For smaller issues such as discipline, the menu for lunch, watching TV, birthday gifts, style of dress, housework, etc. Soon become the focus of disputes. Previous confrontations remember and reflect, and conflicts begin.
Many times father and grandfather stay out of trouble, to listen to the murmur of wives who no longer get along. Children are intelligent enough to use the situation for their benefit.
What should you do to avoid such situations? Can these broken families reunite? Read this article to know both sides of the story.
Strategies for parents:
Avoid shouting or talking to grandparents. If there is a contradiction, discuss it when the children are not around. Remember that children may not be good listeners, but they are excellent observers.
Set some basic rules that everyone should follow – including grandparents, such as Watching TV. Let the principles be discussed with everyone before implementation.
If you think you are unjustly accused and criticized, it should talk about it immediately. If you feel interference, a double play, short story on the side of the grandparents, openly discuss this and let the steam blow away early.
Pass your expectations very clear to every family member. Tell everyone what to do. Praise your grandparents if you think they have done a good job or if they helped you. Never expect too much from them. Consider age restrictions. Avoid criticism and bad comments. It hurts at their age.
Hand over your responsibilities to your grandparents when you’re gone. Let them feel that they matter. Use their experience and wisdom instead of using them. Trust is a greater compliment than being loved.
Make an appointment for regular family gatherings and meetings. Eat at least one family meal together is a significant step towards healthy family relationships. Feel free to seek advice from grandparents on essential matters, e.g., discipline, professional choices, financial matters, family rituals, etc.
What you do to your grandparents is likely to be repeated a few years later by your children. Be a good role model while you expect to treat your children well when you grow old.

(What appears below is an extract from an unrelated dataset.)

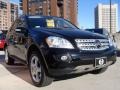 Black - ML 350 4Matic Photo No. 4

Prepare yourself for the future, not very good relations only now, Times change. Do not expect the same love and intimacy from today’s children that you show to today’s grandparents.
Strategies for grandparents:
Remember the basic rule: you are not a parent. Never interfere with sensitive issues such as discipline and studies, unless you are asked to do so. Avoid party, especially in front of children.
Never humiliate/criticize parents against children. Whatever you want to do should be private. Do not use children to fight their parents. Never use phrases like “if it is me …” or “In your time …” or “When you were a child …” or “When yours became old like me, it could be worse than what I did in the morning. ‘ etc.
Requirements for parenting and what is made up on parenting are continually changing. What was rational yesterday may not be relevant today and shall never apply tomorrow.
Give positive feedback when you feel that the parents have done an excellent job. Compliment quickly and blame slowly.
After all, you are the pillars of the family. Pillars are used to supporting, not create obstacles.
Children, especially young people, can rebel. In this case, do not feel humiliated. Discuss the steps to be taken in an emergency. Use humor whenever possible.
Family rituals and meetings are the best platforms for discussion and negotiation on issues requiring delicate service. Try to instill family norms and values for your growing grandchildren and provide appropriate explanations each time.
Give priority to parents care over the requirements of grandchildren. In the event of disputes, listen to both sides and find a mutually acceptable solution, thus acting as a buffer. Take a vacation for short periods. Let family members feel you are needed.
It is believed that a shared family system is best for the growth and development of children. Although the concept is slowly disappearing, some people still prefer the nuclear family system.